In a life-imitating art moment, Tovah Feldshuh sits in her Broadway dressing room animatedly discussing politics. Feldshuh -- the one-woman star of the play "Golda's Balcony" -- has already transformed herself from an old, disheveled Golda Meir and is reviewing her day in Albany, where she lobbied the state government for more funding for the arts.
She is amazed that the senators gave her a standing ovation.
"Because they have me confused with Golda Meir, I suppose," she muses.
Feldshuh, who is nominated for a Tony Award for Best Leading Actress in a Play, doesn't actually think anyone mistakes her for the Israeli prime minister, but this last year of passionately rendering Golda has affected her deeply.
"The most immediate change is the understanding that politics is personal," she says. Feldshuh is a longtime fundraiser for Jewish and artistic causes and -- like many actors -- a staunch Democrat.

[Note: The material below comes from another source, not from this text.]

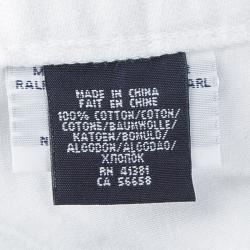 Pre Owned Ralph Lauren Off White Denim Bowery Skinny Jeans 10 Yrs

In "Balcony," the 90-minute play at the Helen Hayes Theatre, she inhabits the septuagenarian on the eve of the Yom Kippur war. (Meir never forgave herself for being caught off guard in 1973, and the losses the war incurred.) The play shifts between the moment at hand -- deciding whether to attack her neighbors or wait -- and the personal life leading up to that moment: her childhood in America, her courtship, her troubled absentee marriage and her life in politics.

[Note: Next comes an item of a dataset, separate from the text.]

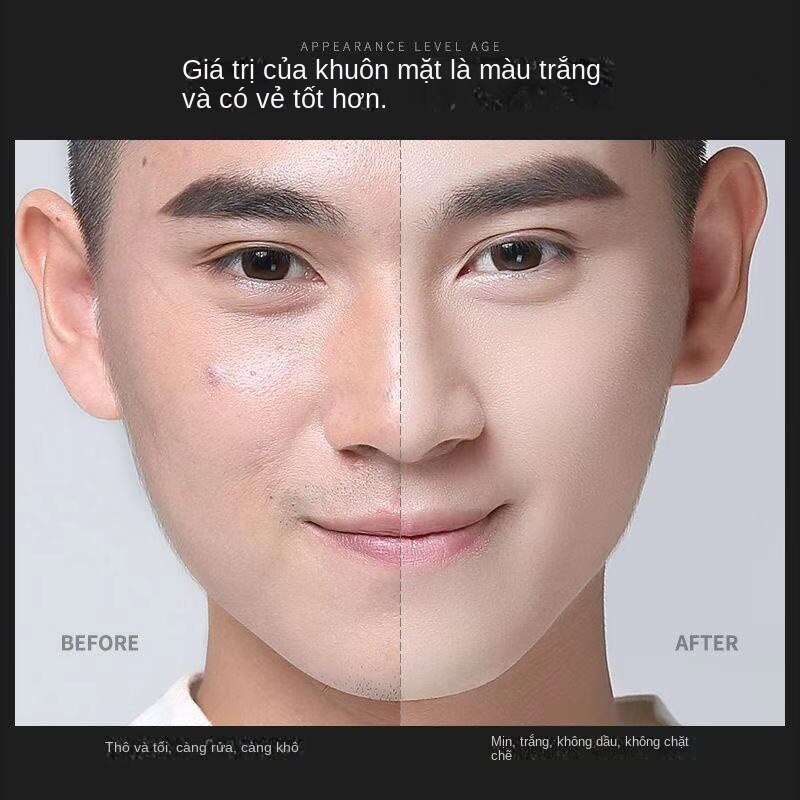 Sữa rửa mặt làm trắng da SOUL MAN kiềm dầu axit amin dành cho nam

Is it hard for Feldshuh to play a politician whose politics she might not support?
"Golda was a practical woman. I don't know if I have her point of view -- but I have her logic," Feldshuh says.
The actress does a grueling, gravelly performance, much of it shouting on the phone, at the audience and to God himself. Felshuh's performance has struck a chord among reviewers and audiences -- which on this night seems to be comprised of religious and elderly Jews and Christians. (Shimon Peres and Ehud Barak have been among the dignitaries who have seen the play.)
Since she began the play, Feldshuh has been following the news, trying to put daily context into her shows. A supporter of the "Seeds of Peace," a nonprofit, nonpolitical organization that helps teenagers from regions of conflict, she is not quite an expert on how her personal politics merge with that of Golda -- who is made more palatable by her fictionalization in the writing of this play.
But even if Feldshuh isn't clear on Golda's politics, she is clear on the woman herself.
"She has given great resonance about dead honesty, truly modest, humble, nonmaterialistic," Feldshuh says. "It's the biggest life I've ever had the privilege of playing."
The Tony Awards air June 6 at 8 p.m. on CBS.